Task description -
Print exactly what appears from the line containing "Ashe (CBW-AA) - ADOPTED 08.24.15" through the final line of the data below, pictures excluded.

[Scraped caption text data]
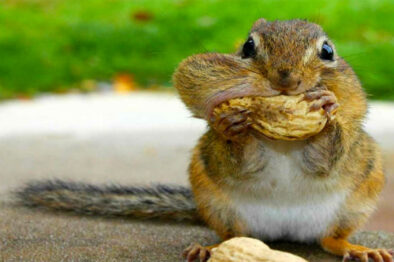 squirrel eatting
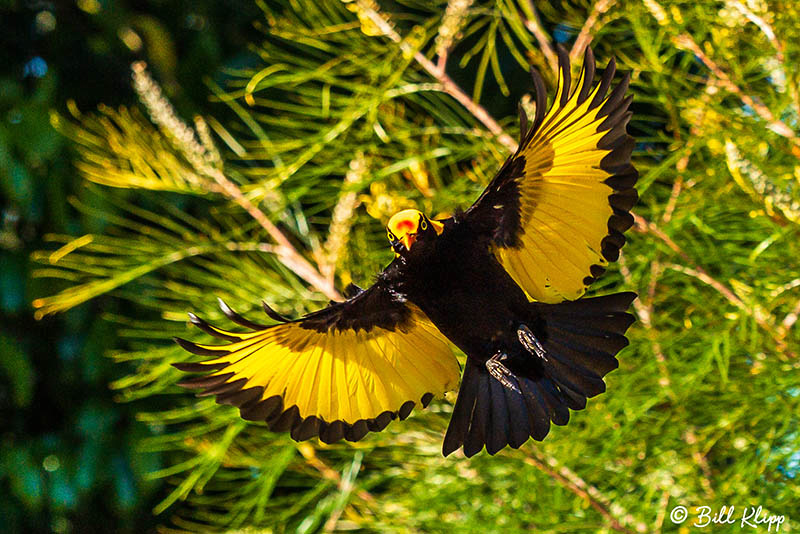 Regent Bowerbird, O'Reillys, Lamington National Park, Australia, Photos by Bill Klipp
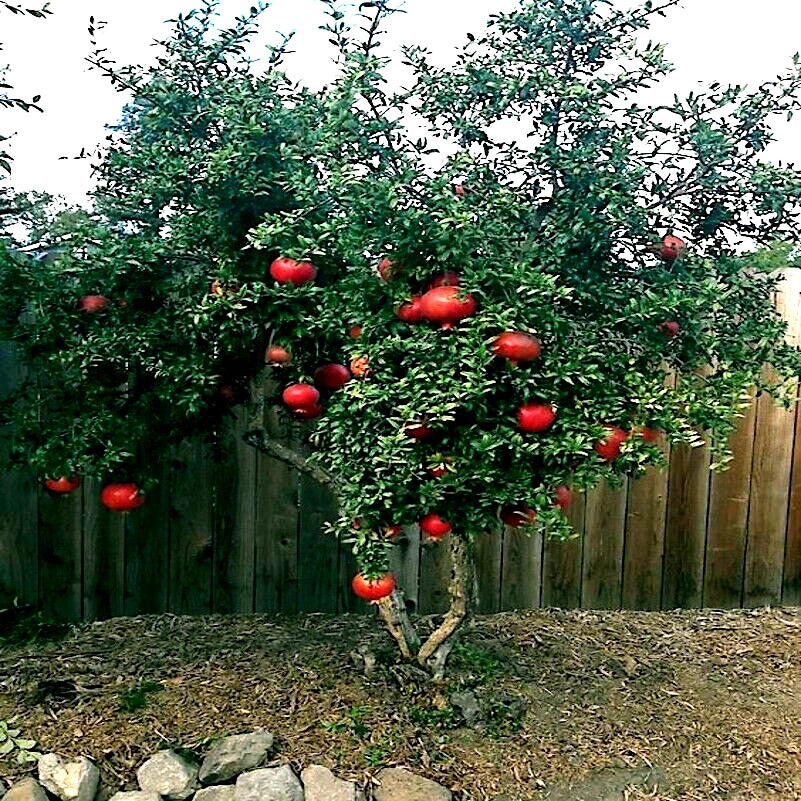 Dwarf Pomegranate Tree Seeds - 20 Pack - Punica granatum Nana - Indoor Garden Fruit Plant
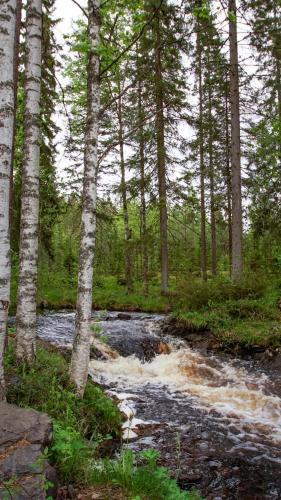 Venejoen Piilo - Kuohu in Kontiolahti Venejoen Piilo - Kuohu in Kontiolahti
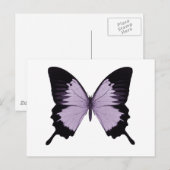 Big Lila & Black Butterfly Postkarte (Vorne/Hinten)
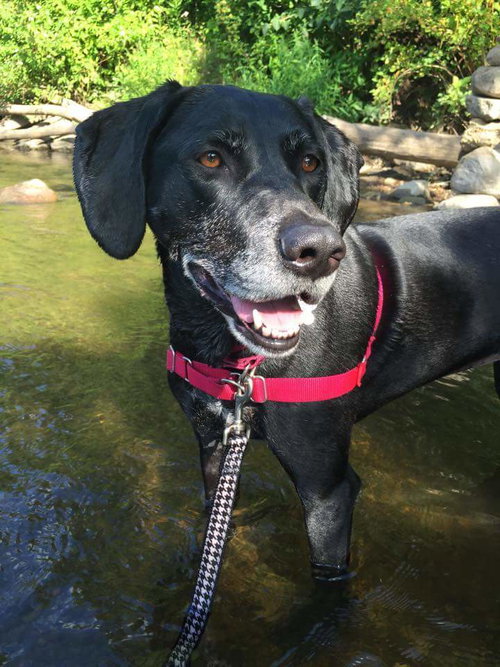 Ashe (CBW-AA) - ADOPTED 08.24.15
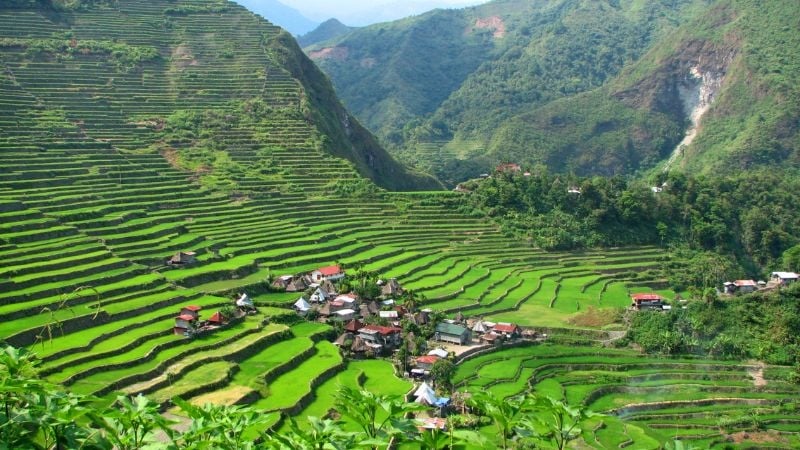 Banaue & Batad Rice Terraces in the Philippines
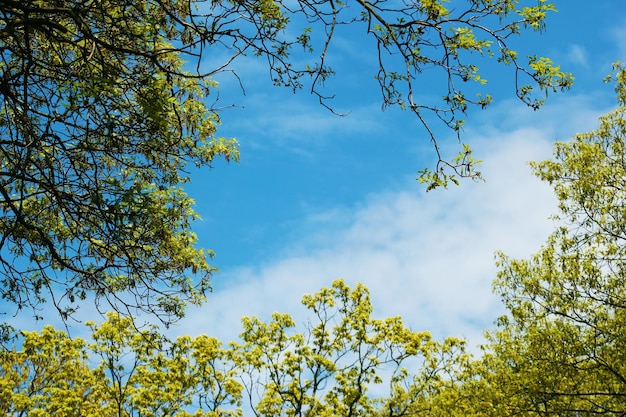 Niedrigwinkelansicht von Bäumen vor blauem Himmel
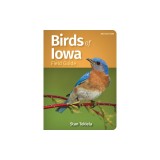 Birds of Iowa Field Guide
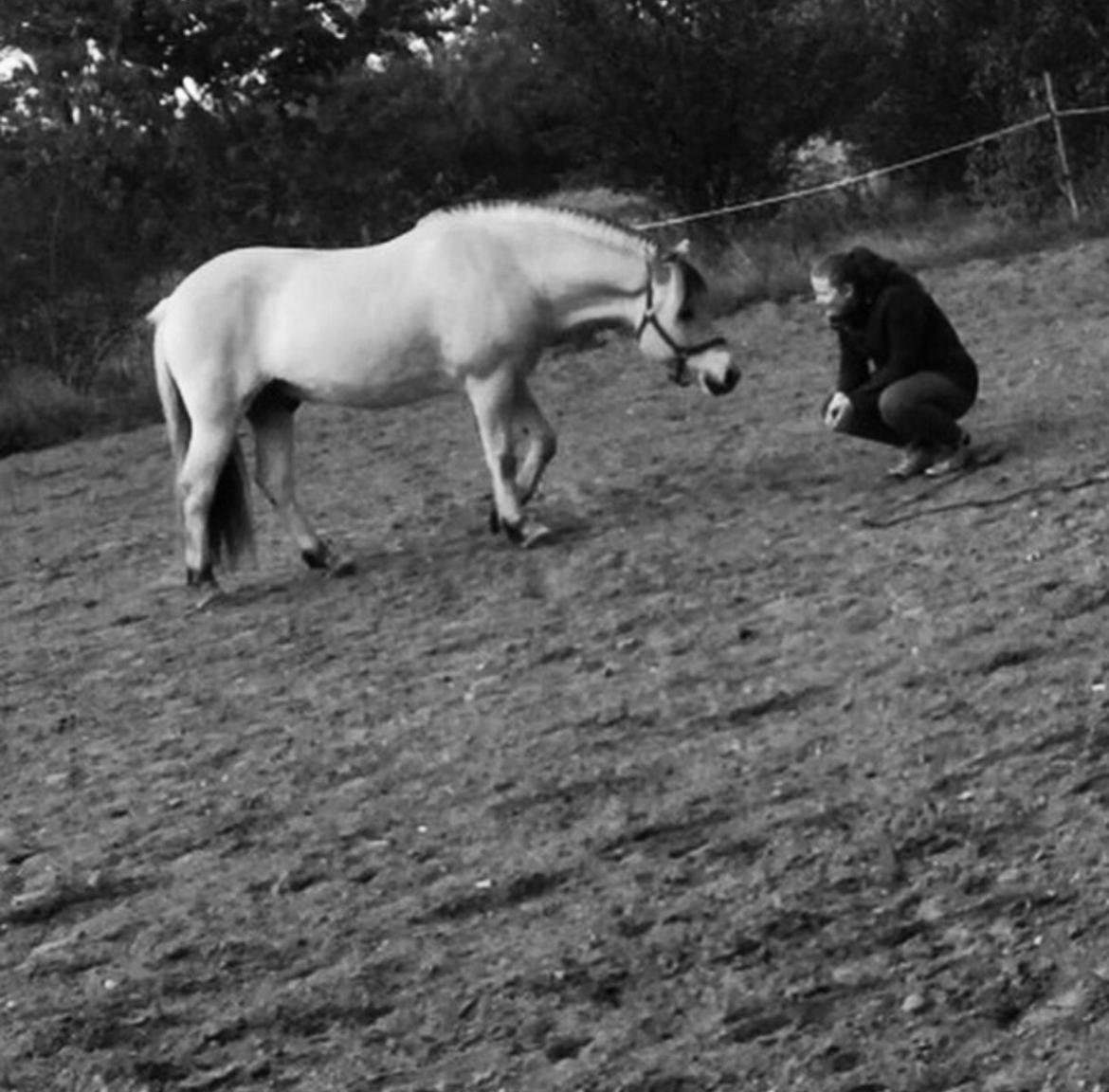 Fjordhest Halfdan <3 billede 40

Answer to the exercise -
 Ashe (CBW-AA) - ADOPTED 08.24.15
 Banaue & Batad Rice Terraces in the Philippines
 Niedrigwinkelansicht von Bäumen vor blauem Himmel
 Birds of Iowa Field Guide
 Fjordhest Halfdan <3 billede 40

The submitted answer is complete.